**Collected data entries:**
────

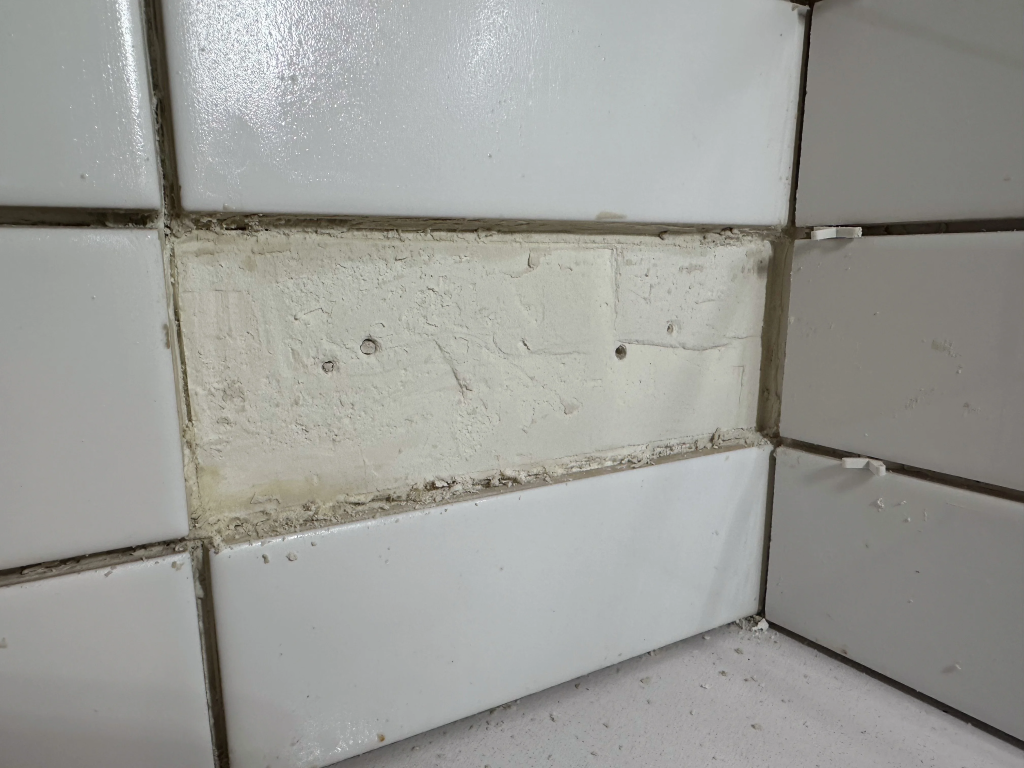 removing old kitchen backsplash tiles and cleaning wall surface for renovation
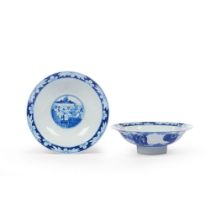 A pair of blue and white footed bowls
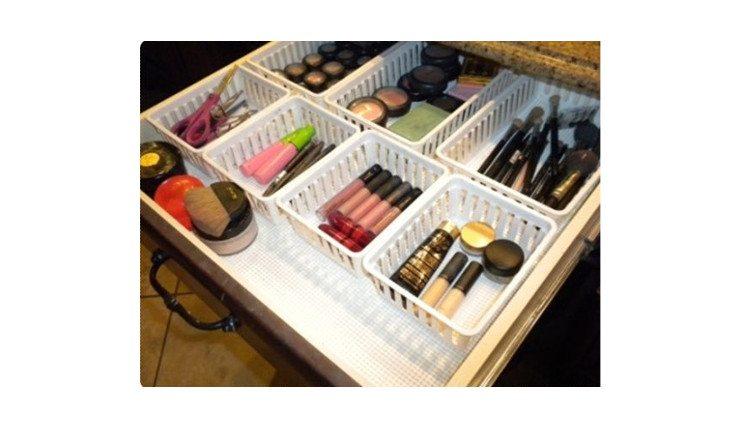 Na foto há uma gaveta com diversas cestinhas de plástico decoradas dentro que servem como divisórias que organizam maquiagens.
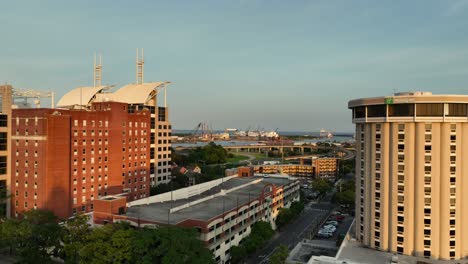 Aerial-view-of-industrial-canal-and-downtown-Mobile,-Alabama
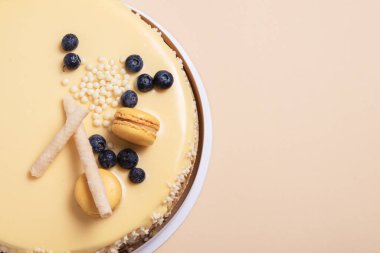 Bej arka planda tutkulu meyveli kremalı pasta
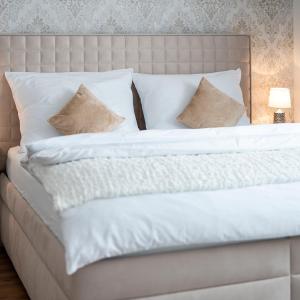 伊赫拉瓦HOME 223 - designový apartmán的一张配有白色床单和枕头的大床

────

**Problem requirements:** Word for word and without any pictures, return all of the lines above.

**Written answer:**
 removing old kitchen backsplash tiles and cleaning wall surface for renovation
 A pair of blue and white footed bowls
 Na foto há uma gaveta com diversas cestinhas de plástico decoradas dentro que servem como divisórias que organizam maquiagens.
 Aerial-view-of-industrial-canal-and-downtown-Mobile,-Alabama
 Bej arka planda tutkulu meyveli kremalı pasta
 伊赫拉瓦HOME 223 - designový apartmán的一张配有白色床单和枕头的大床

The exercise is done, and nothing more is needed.